And then I got to Chapter 33. In a powerful sequence that immediately makes up for much of the prior slog, Harry learns that, in order for the world to live, he has to die. He accepts this with genuine stoic heroism, relishes his last moments of life, and, surrounded by the ghosts of his dead family and friends, marches off to get himself nobly slaughtered. My tear ducts initiated their “misty” sequence; when Harry asked his mother’s spirit to stay close to him, I almost shed an actual tear. The Rowling-skeptic in me kept waiting for the impossible bailout, but it never came: Voldemort smote Harry into oblivion. Suddenly, Potter was a legitimate tragedy. The series had grown up.
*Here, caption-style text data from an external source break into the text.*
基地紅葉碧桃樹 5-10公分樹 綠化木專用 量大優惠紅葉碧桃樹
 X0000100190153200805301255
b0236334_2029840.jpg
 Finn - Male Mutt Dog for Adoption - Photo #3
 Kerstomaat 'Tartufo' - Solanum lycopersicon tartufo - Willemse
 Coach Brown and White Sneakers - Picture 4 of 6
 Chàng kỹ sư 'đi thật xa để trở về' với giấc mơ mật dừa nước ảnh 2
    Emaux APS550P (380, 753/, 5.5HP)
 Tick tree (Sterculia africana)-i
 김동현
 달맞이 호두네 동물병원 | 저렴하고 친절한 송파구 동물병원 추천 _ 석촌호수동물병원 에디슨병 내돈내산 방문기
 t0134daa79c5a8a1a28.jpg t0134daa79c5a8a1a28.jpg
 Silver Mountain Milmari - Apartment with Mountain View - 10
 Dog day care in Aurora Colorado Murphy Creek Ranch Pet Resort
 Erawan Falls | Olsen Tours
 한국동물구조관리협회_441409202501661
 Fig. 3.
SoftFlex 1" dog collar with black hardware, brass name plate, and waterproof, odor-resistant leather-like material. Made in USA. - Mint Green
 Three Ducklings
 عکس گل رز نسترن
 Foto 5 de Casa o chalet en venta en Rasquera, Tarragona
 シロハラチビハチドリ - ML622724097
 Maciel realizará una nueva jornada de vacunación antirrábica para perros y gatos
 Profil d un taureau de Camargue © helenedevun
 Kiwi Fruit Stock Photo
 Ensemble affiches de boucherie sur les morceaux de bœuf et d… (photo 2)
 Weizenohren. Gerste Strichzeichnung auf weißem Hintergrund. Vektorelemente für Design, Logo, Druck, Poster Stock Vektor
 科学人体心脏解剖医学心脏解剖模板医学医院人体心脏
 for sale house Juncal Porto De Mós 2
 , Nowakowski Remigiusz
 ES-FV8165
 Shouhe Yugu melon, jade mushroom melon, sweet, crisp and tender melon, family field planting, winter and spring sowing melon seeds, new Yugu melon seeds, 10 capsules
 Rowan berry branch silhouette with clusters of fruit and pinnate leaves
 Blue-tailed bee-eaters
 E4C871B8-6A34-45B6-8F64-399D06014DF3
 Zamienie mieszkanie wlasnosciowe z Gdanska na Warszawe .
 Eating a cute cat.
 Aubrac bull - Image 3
Unfortunately, the cop-out—which in retrospect seems as inevitable as I once thought Harry’s death was—comes three pages later. Chapter 35 sees Harry wake up in an ethereal train station (presumably some regional hub halfway along the Heaven-Hell line), where the spirit of Dumbledore gives him special news: Because of the purity of Harry’s self-sacrifice, he’s eligible for a Jesus exemption. He’s not dead. He gets to go back and kill Voldemort. And just as a bonus, his sacrifice has redeemed all of humanity. (As Harry puts it, while he and the Dark Lord circle each other like the knife fighters in “Beat It”: “You won’t be able to kill any of them ever again. Don’t you get it? I was ready to die to stop you from hurting these people … I’ve done what my mother did. They’re protected from you.” I’m not sure, at this point, why they don’t just let Voldemort hang around like an old toothless lion—but I guess that would lack dramatic flair.) After the predictable duel, Rowling wraps things up with an epilogue that is, hands down, the worst piece of writing in the entire 4,000-page series. Harry and the gang, now all thirtysomething and blissfully intermarried, reappear at King’s Cross Station to drop off the next generation of wizards at Platform 9¾ while reveling in har-har family-sitcom humor. The final sentence is remarkably bland and awful, the linguistic crystallization of Rowling’s cop-out: “All was well.”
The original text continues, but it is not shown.